O autor do Risco do político observa que Schmitt compreende o liberalismo como "pensamento póstumo", concebido na tensão das circunstâncias da vida histórico-política para enfrentar um inimigo: o Estado absolutista. Contudo, após vencer o inimigo, as idéias liberais e suas instituições teriam esmorecido. A distância entre seus princípios constitutivos e a realidade histórica com a qual se deparava, entre outras razões em virtude do surgimento da democracia de massas, teria levado o liberalismo à incapacidade de se adequar à "experiência política", e, conseqüentemente, de orientá-la. A ordem liberal teria sido destituída de sua eficácia histórica, mas sua estrutura teria se conservado viva como uma espécie de fantasma. Bernardo Ferreira observa que, de acordo com Schmitt, o liberalismo teria adquirido sua força de permanência da filosofia da história do século XVIII. Dela teria tomado de empréstimo uma perspectiva mais ampla dirigida para uma vida melhor e uma maior capacidade de persuasão. Na esteira da filosofia da história do século XVIII, chamada por Schmitt, na obra Era das neutralizações e despolitizações, de estágio humanitário-moral, o liberalismo ancorado na imagem de uma "neutralidade auto-regulada" amalgamava-se a uma poderosa idéia de progresso. Ao pintar o retrato de uma marcha histórica orientada pelo telos da paz vindoura, o liberalismo forjava a imagem de um processo histórico capaz de subtrair a raiz dos conflitos políticos-sociais. Na representação do mundo liberal a história transcenderia à política porque a substância política do presente é esvaziada em nome da realização futura da ordem pacífica. Logo, a filosofia da história liberal ao acreditar na supressão de casos extremos ou situações excepcionais de uma dada ordem acabava evitando a tomada de uma decisão política. A crença na realização de uma ordem pacífica e da existência de um Estado neutro tornaria irrelevante a necessidade de uma decisão política, isto é, a decisão acerca do conflito.
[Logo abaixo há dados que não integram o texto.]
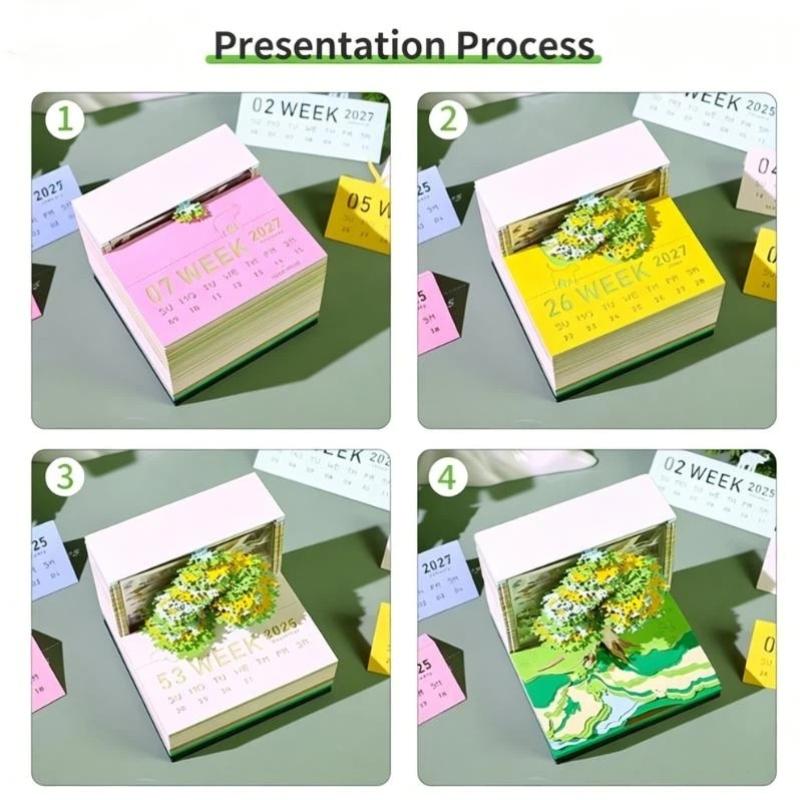 Time Piece Calendar 2027 Desk Calendar With Led Light 3D Tear-Away Calendar Paper Carving Art Memo Pad Notepad Desktop Decor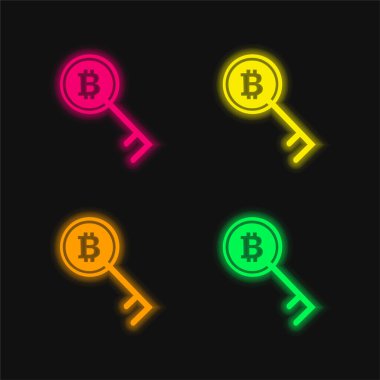 Bitcoin Anahtarı veya Parola Sembolü 4 renkli parlak neon vektör simgesi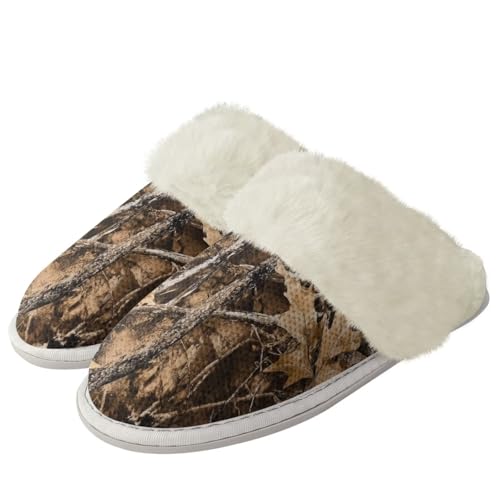 Women's Plush Fuzzy Slip on Indoor Outdoor Winter House Slippers Comfy Warm Fluffy Shoes Size 5-142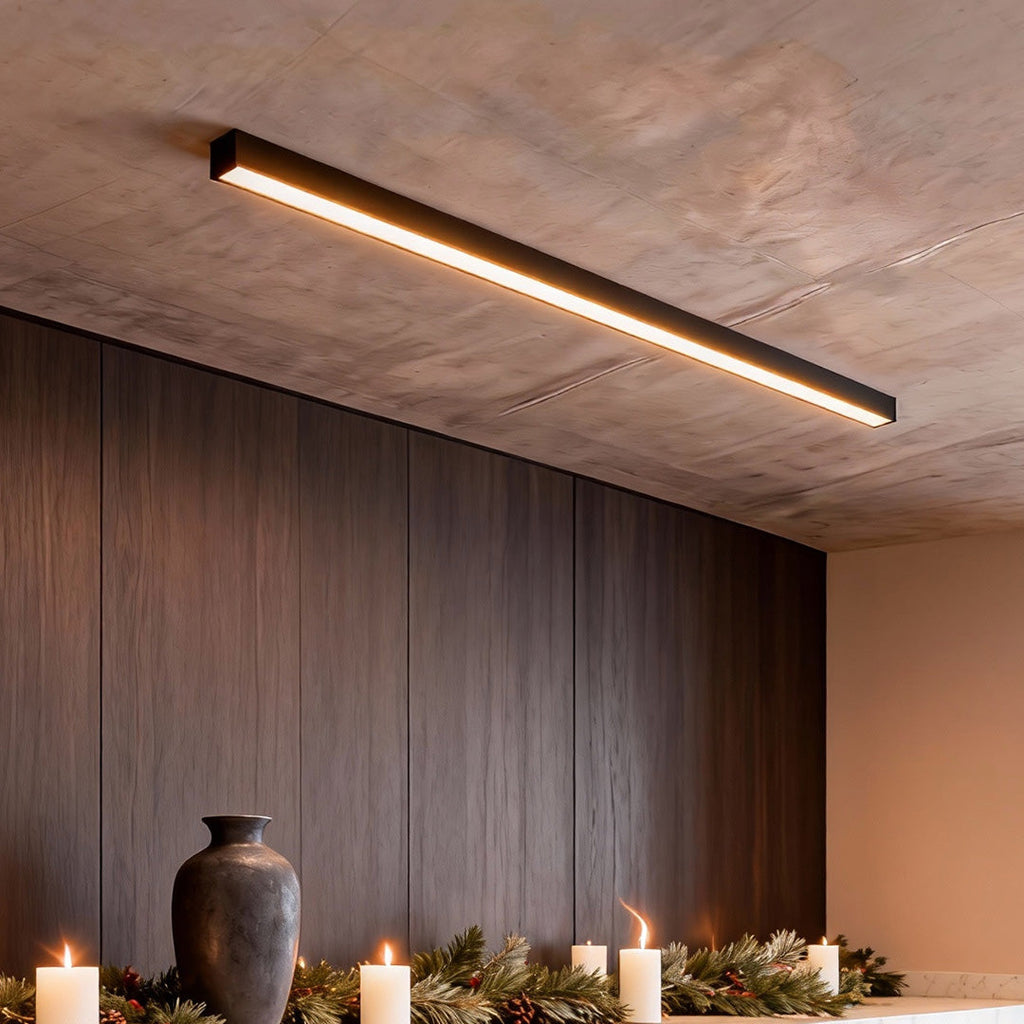 Sleek White Linear LED Ceiling Light Fixture for Modern Living Spaces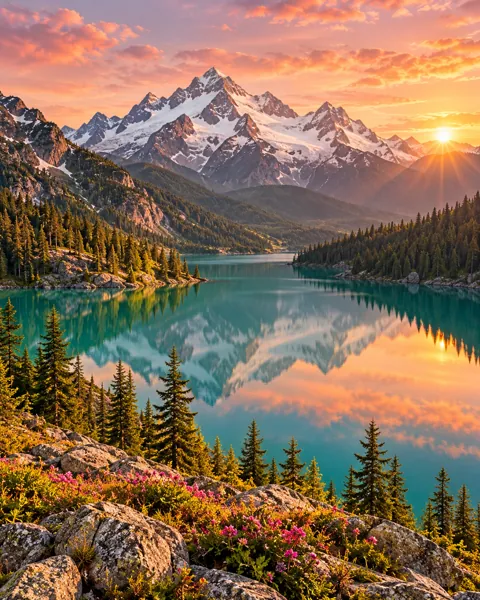 Alpine Lake · Golden Sunrise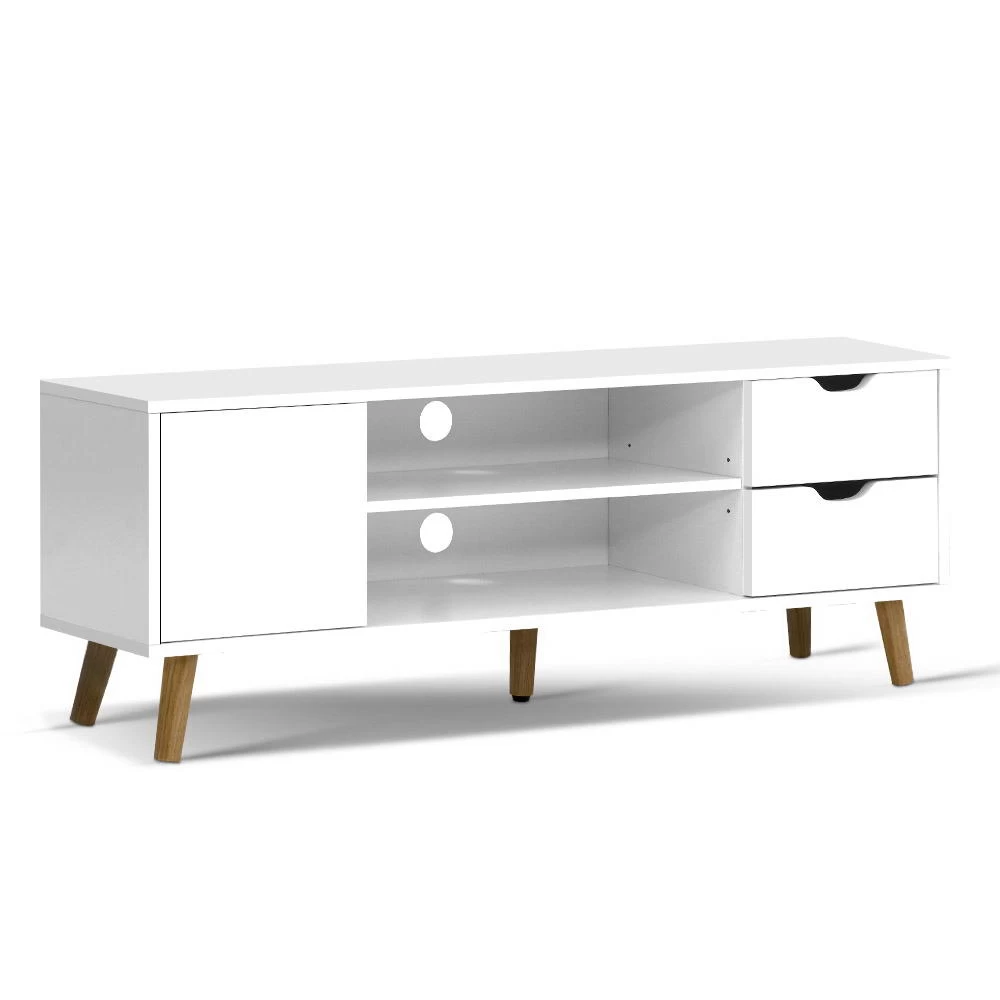Artiss TV Cabinet Entertainment Unit Stand Wooden Scandinavian 120cm White 3 Artiss TV Cabinet Entertainment Unit Stand Wooden Scandinavian 120cm White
De acordo com Bernardo Ferreira duas idéias centrais no pensamento de Schmitt devem ser mencionadas. A primeira define como momento crítico da história de um conceito a situação na qual o adversário desde conceito deixa de existir. A segunda relaciona-se à energia de conceitos e fórmulas que se mantêm acesas mesmo depois do colapso do inimigo. Depreende-se a parir daí que o liberalismo, mesmo depois de vencer o conflito contra o Estado absolutista, manteria viva a noção de uma filosofia da história progressista que, no século XIX, assumiria a idéia, não mais de um avanço humanitário-moral, mas de progresso econômico capaz de esvaziar os conflitos políticos no caminho da paz. Isto se torna claro na conferência de Era das neutralizações e despolitizações, analisada em Risco do político. Bernardo Ferreira apresenta e comenta a exposição de Carl Schmitt sobre o percurso do "espírito europeu", que teria se deslocado do século XVI ao século XX. A partir do século XVI teria ocorrido um movimento ininterrupto de uma "esfera central" para outra: do século XVI teológico para o século XVII metafísico, passando pelo XVIII humanitário-moral, até o XIX econômico. No século XX teria ocorrido o deslocamento do estágio econômico para o técnico. O autor do Risco do político interpreta os movimentos apontados por Schmitt como uma "anti-filosofia da história". A despolitização das lutas teológicas e a busca de uma esfera neutra na metafísica do século XVII constituem um passo decisivo no processo de secularização, característico da modernidade ocidental. O deslocamento para uma área neutra ocorre em virtude da incerteza resultante da desestruturação de uma ordem ancorada num suporte transcendente. Bernardo Ferreira comenta que os passos no caminho da neutralização na transição do teológico ao metafísico somente fazem sentido quando se compreende o processo de secularização. Este poderia ser caracterizado como a substituição regular ou a sucessão repetida de oposições que se objetivam por intermédio da estruturação e da reestruturação do antagonismo amigo/inimigo e seus movimentos neutralizantes.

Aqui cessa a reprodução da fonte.